## Listed entries
* * * * *

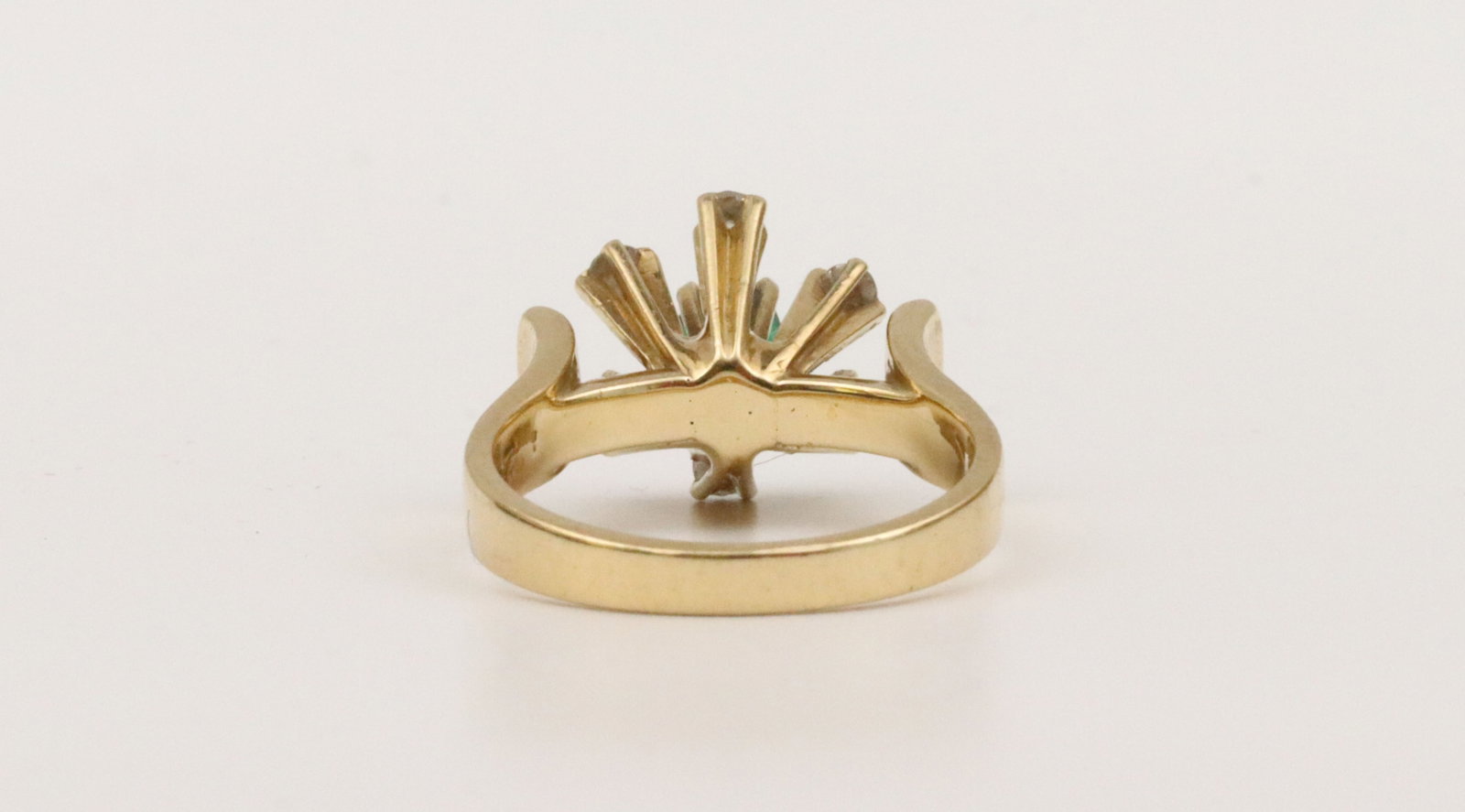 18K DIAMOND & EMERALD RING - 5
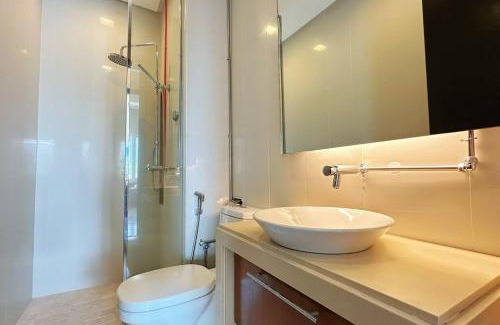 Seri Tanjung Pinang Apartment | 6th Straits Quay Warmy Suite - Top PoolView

* * * * *

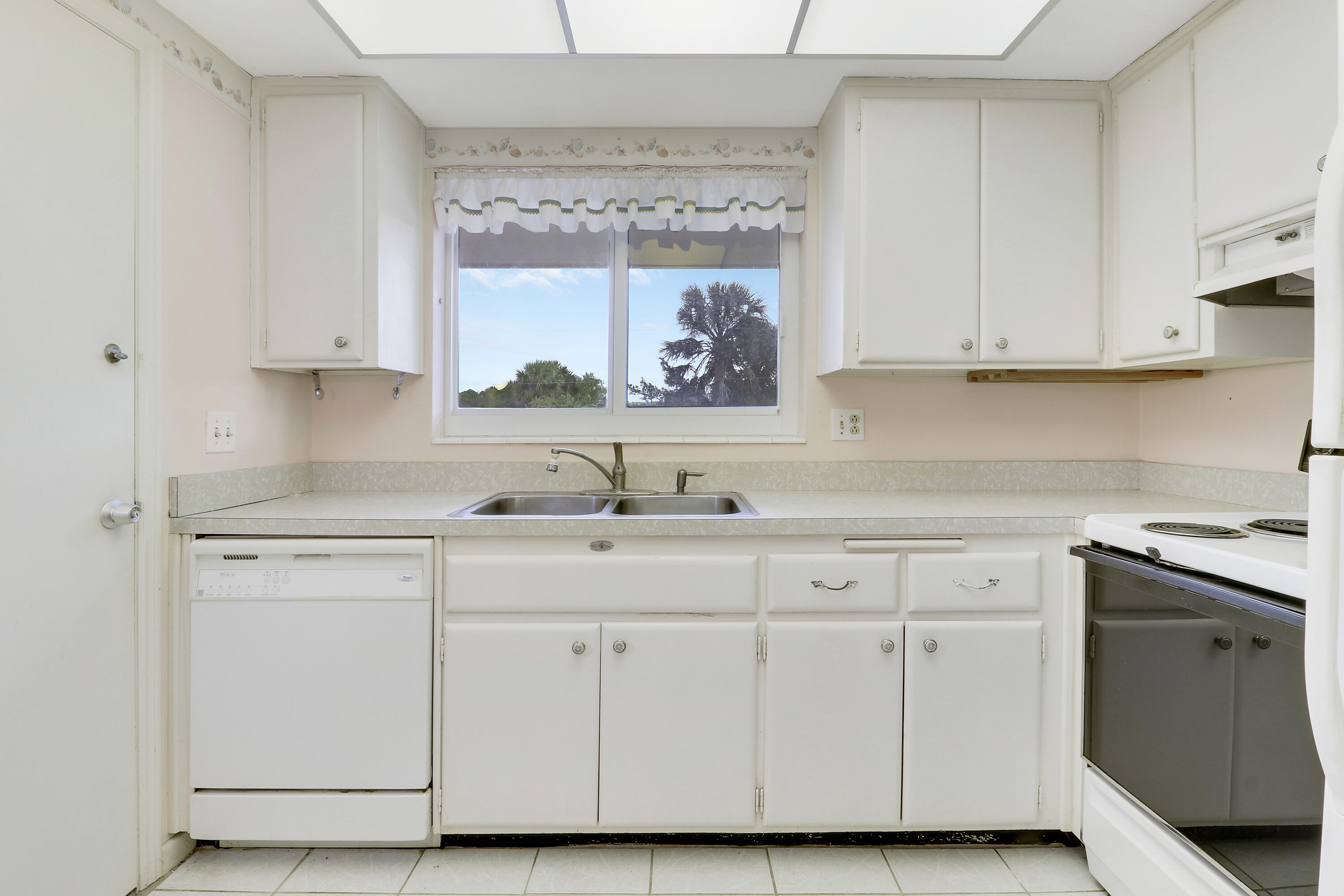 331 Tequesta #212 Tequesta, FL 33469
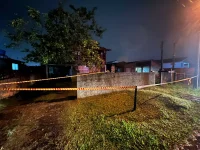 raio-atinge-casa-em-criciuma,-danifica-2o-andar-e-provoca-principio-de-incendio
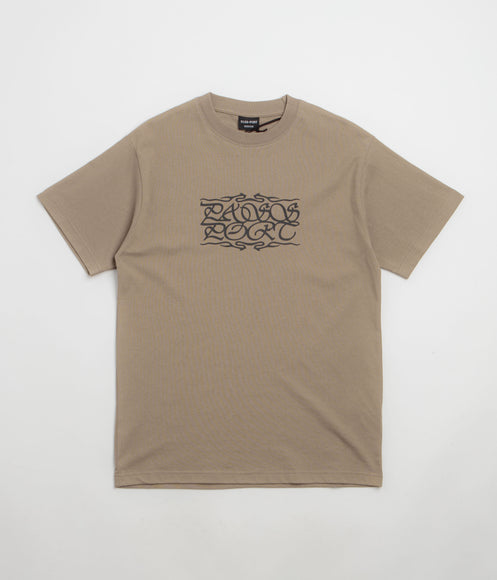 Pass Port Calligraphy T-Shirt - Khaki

* * * * *

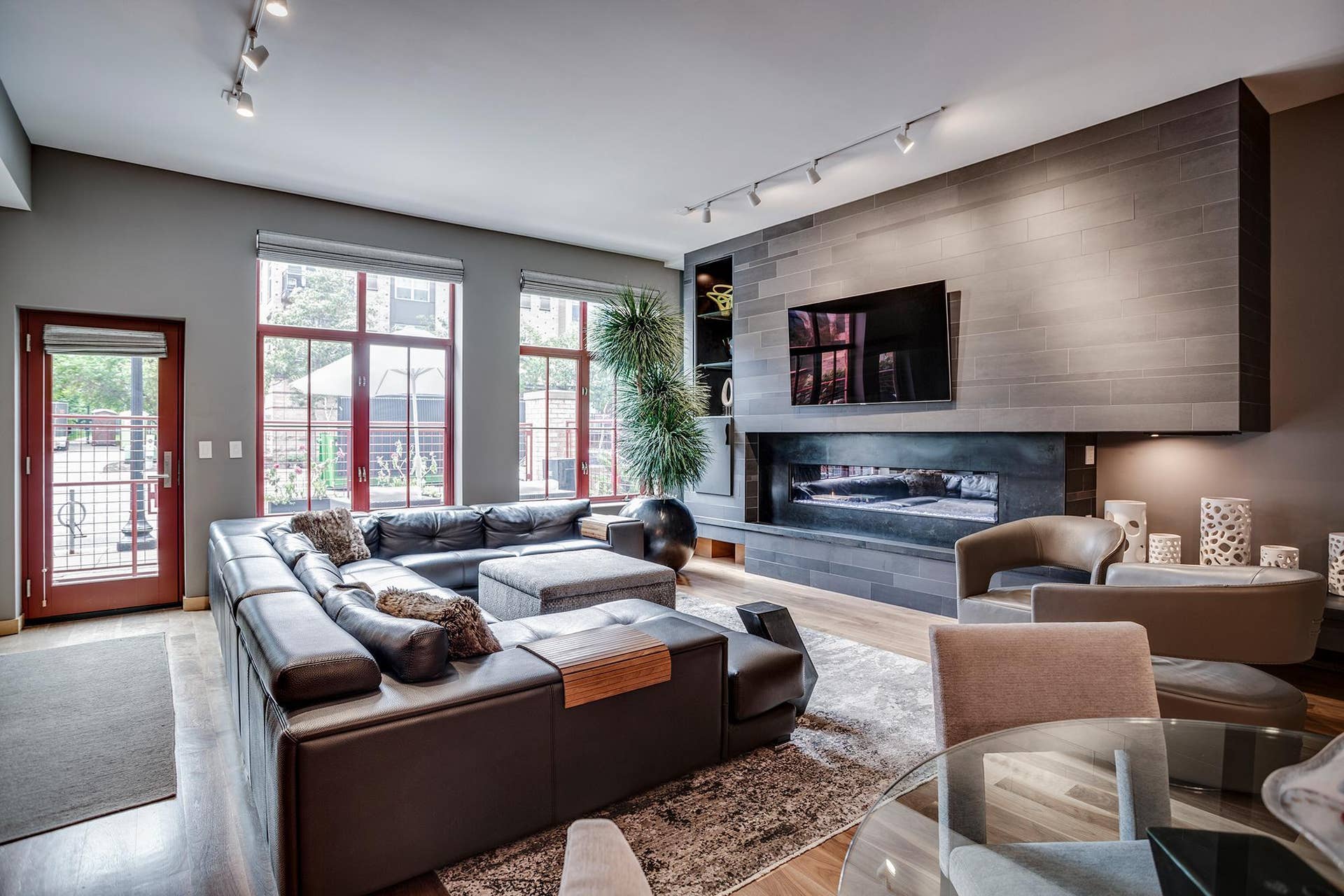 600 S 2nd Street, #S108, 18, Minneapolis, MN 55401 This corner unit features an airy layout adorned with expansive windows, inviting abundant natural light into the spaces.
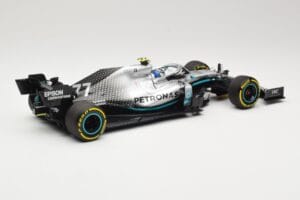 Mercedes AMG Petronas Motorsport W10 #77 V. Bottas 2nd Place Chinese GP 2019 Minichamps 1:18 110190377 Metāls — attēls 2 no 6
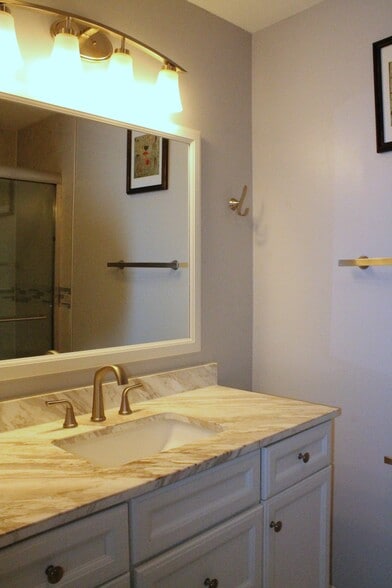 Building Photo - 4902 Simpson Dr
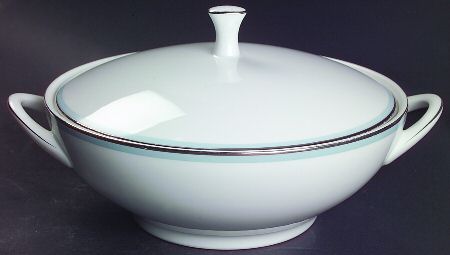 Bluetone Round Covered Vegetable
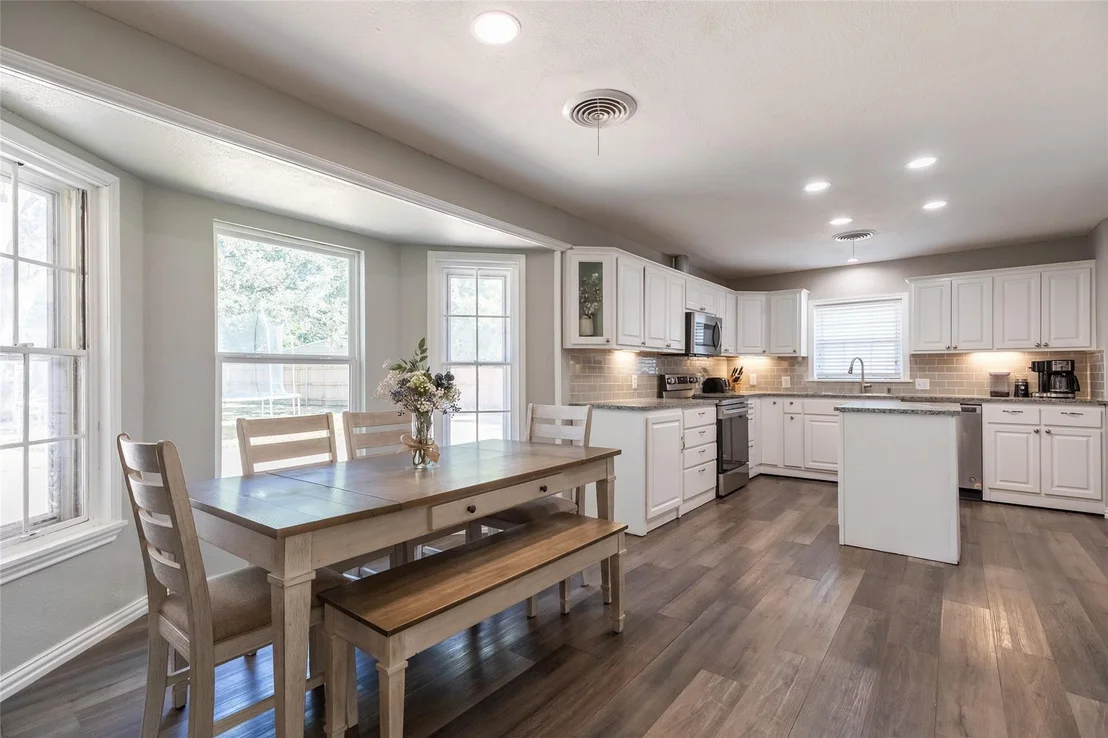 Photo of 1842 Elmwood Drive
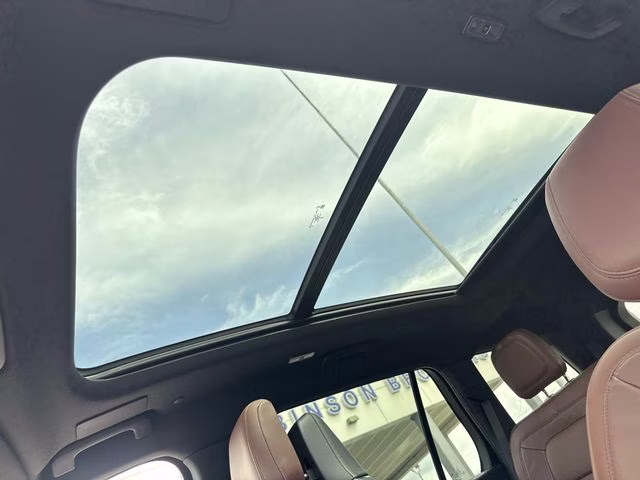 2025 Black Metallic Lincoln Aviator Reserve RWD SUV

* * * * *

## Task statement
Could the stretch from the line with "331 Tequesta #212 Tequesta, FL 33469" through the line with "Pass Port Calligraphy T-Shirt - Khaki" in the listing above be restated word for word, minus the pictures?

## Finished task
 331 Tequesta #212 Tequesta, FL 33469
 raio-atinge-casa-em-criciuma,-danifica-2o-andar-e-provoca-principio-de-incendio
 Pass Port Calligraphy T-Shirt - Khaki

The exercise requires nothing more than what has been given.